The new employment status of Employee Shareholder received Royal Assent on 25th April 2013 and it is expected that the section related to Employee Shareholders will become law from 1st September 2013.
In simple terms an Employee Shareholder agreement is reached where the employer gives the individual shares to the value of £2,000 or more and the Employee Shareholder in return gives up certain employment rights:
• the right to claim "ordinary" unfair dismissal
• the right to a redundancy payment
• the right to request flexible working (in most circumstances)
• the right to request time off for studying and training
Also, the Employee Shareholder will need to give longer notice in relation to certain entitlements (e.g to return early from maternity leave).
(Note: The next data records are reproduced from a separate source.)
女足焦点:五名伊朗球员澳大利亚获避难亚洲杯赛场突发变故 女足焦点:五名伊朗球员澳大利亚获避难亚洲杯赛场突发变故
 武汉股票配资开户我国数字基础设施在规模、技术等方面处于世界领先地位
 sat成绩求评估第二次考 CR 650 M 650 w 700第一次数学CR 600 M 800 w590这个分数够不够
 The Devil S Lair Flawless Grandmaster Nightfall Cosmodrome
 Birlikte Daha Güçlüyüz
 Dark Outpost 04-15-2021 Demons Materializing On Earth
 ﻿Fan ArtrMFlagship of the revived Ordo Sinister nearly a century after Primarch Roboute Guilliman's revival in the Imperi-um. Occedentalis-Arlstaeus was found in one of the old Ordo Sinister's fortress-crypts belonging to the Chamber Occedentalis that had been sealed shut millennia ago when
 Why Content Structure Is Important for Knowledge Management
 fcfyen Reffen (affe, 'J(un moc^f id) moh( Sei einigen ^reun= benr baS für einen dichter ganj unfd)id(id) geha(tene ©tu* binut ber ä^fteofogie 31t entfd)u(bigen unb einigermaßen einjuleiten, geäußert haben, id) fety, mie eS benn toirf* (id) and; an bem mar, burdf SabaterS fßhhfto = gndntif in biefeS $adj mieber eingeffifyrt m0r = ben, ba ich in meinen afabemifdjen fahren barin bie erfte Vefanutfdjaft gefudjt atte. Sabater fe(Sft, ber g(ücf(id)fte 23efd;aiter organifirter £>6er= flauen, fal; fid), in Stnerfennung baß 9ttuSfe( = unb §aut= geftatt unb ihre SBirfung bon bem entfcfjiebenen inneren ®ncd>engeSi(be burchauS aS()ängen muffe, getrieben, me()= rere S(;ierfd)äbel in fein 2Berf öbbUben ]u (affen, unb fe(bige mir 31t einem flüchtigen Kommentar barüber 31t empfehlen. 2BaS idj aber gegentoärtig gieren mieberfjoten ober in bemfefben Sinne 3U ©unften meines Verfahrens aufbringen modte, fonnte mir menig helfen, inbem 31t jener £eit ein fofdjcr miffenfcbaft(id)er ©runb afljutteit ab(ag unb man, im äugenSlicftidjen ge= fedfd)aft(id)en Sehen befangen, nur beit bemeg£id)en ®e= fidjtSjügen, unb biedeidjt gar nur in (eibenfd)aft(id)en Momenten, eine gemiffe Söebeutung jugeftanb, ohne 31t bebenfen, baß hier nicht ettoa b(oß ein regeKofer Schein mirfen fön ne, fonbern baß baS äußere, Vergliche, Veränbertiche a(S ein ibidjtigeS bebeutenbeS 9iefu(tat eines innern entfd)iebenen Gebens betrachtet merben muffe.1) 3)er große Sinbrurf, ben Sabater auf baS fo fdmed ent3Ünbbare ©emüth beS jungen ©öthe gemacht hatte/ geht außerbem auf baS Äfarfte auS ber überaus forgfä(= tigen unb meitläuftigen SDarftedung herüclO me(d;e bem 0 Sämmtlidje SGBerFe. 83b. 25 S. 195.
There were a few late changes after the House of Lords raised some concerns, so that there are additional rules relating to the Employee Shareholder status:
• the individual must receive independent legal advice, paid for by the employer, prior to entering into an Employee Shareholder agreement
• there will be a 7 day "cooling off" period after the advice is received and before the agreement has legal effect
• the employer must provide a written statement specifying what rights the individual is relinquishing by entering the agreement and setting out details about the shares that they will receive
• existing employees will be considered to have been unfairly dismissed if the reason for dismissal is their refusal to convert to Employee Shareholder status and they will also be protected from suffering any other type of detriment
• the first £2,000 of shares will be free from income tax or national insurance contributions liability
This is a very significant change to employment laws and employers should give serious consideration to whether or not this is an attractive proposition. It seems likely that in most cases it will not be attractive, as most employers tend not to unfairly dismiss staff and try to avoid redundancies.
However, it is possible that some employers - particularly new ventures with initial high growth and risk - may be attracted. They could see this as meaning staff will be more likely to be committed to growth through their share ownership, and some risks will be ameliorated if they will be able to take swift action to fire staff if necessary without worrying about unfair dismissal or redundancy payments.